Presidencia do exmo. sr, luiz Frederico de Bivar Gomes da Costa

Secretarios - os dignos pares

Jeronymo da Cunha Pimentel
Visconde de Athouguia

SUMMARIO

Leitura e approvação da acta. - Entram na sala, prestam juramento e tomam assento os srs. conde de Carnide, Alberto Antonio de Moraes Carvalho e conde de Restello. - O sr. presidente declara que as deputações nomeadas na sessão de 8 do corrente mez desempenharam a sua missão. - É lida a carta regia que nomeia supplente á presidencia o digno par Cau da Costa. - Dá-se conta da correspondencia. - São approvadas tres propostas de accumulação de funcções legislativas. - O digno par Sequeira, Pinto participa que está installada, a commissão de verificação de poderes.-E lida uma proposta de lei vinda da outra camara. - O sr. presidente propõe que na acta se consigne um voto de profundo sentimento pela morte de João de Deus, e propõe mais que, dispensado o regimento, a proposta de lei que foi lida entre immediatamente em discussão. - O digno par Antonio de Serpa apresenta uma proposta no mesmo sentido, que é tambem assignada pelo digno par o sr. Agostinho de Ornellas. E admittida á discussão. - Associam-se a estas propostas o sr. presidente do conselho de ministros e o digno par arcebispo-bispo do Algarve.-O digno par Agostinho de Ornellas declara que faltou á sessão antecedente por motivo justificado, e conclue mandando para a mesa uma proposta, que tem por; fim submetter immediatamente á votação da camara a proposta de lei que concede uma pensão á familia de João de Deus, a nomeação de uma deputação que a apresente á sancção real e a de uma outra que assista ao funeral representando esta camara, É admittida á discussão. - São approvadas por acclamação a proposta de lei e as propostas dos dignos pares Antonio de Serpa e Ornellas, e nomeadas as deputações. - O sr. presidente do conselho diz que prevenirá o sr. presidente do dia e da hora a que Sua Magestade se digna receber a deputação, e o sr. presidente diz que avisará conformemente os dignos pares. - Encerra-se a sessão e designa-se a immediata, bem como a respectiva ordem do dia.
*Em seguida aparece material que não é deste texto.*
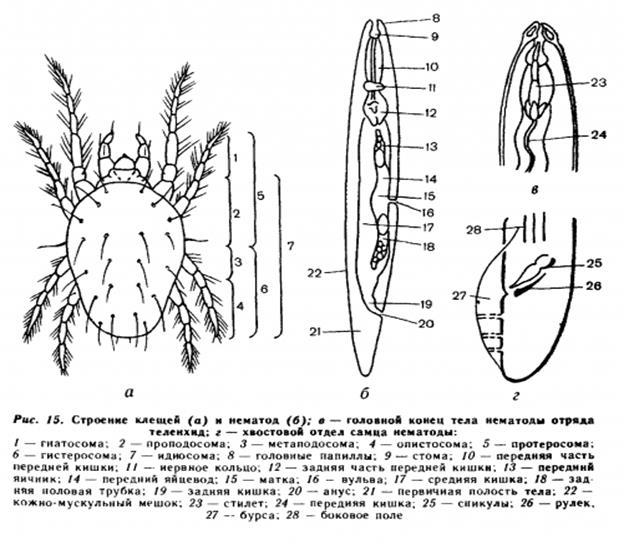 Строение клеща схема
Ás duas horas e tres quartos da tarde, verificando-se a presença de 19 dignos pares, foi aberta a sessão.

Leu-se a acta da sessão antecedente, que foi approvada sem reclamação.

(Assistiram á sessão o sr. presidente do conselho de ministros e o sr. ministro dos negocios estrangeiros.)

O sr. Presidente: - Constando-me que se acham nos corredores da camara os dignos pares ultimamente nomeados, os srs. conde de Carnide, conde de Restello e Moraes Carvalho e tendo decorrido cinco dias depois que a camara teve conhecimento da sua nomeação, sem haver impugnação, estão no caso de entrar na sala é prestar juramento.

Convido os dignos pares os srs. Ornellas e Baptista de Andrade a introduzirem s. exas. na sala.

Os dignos pares foram introduzidos na sala> prestaram juramento e tomaram assento.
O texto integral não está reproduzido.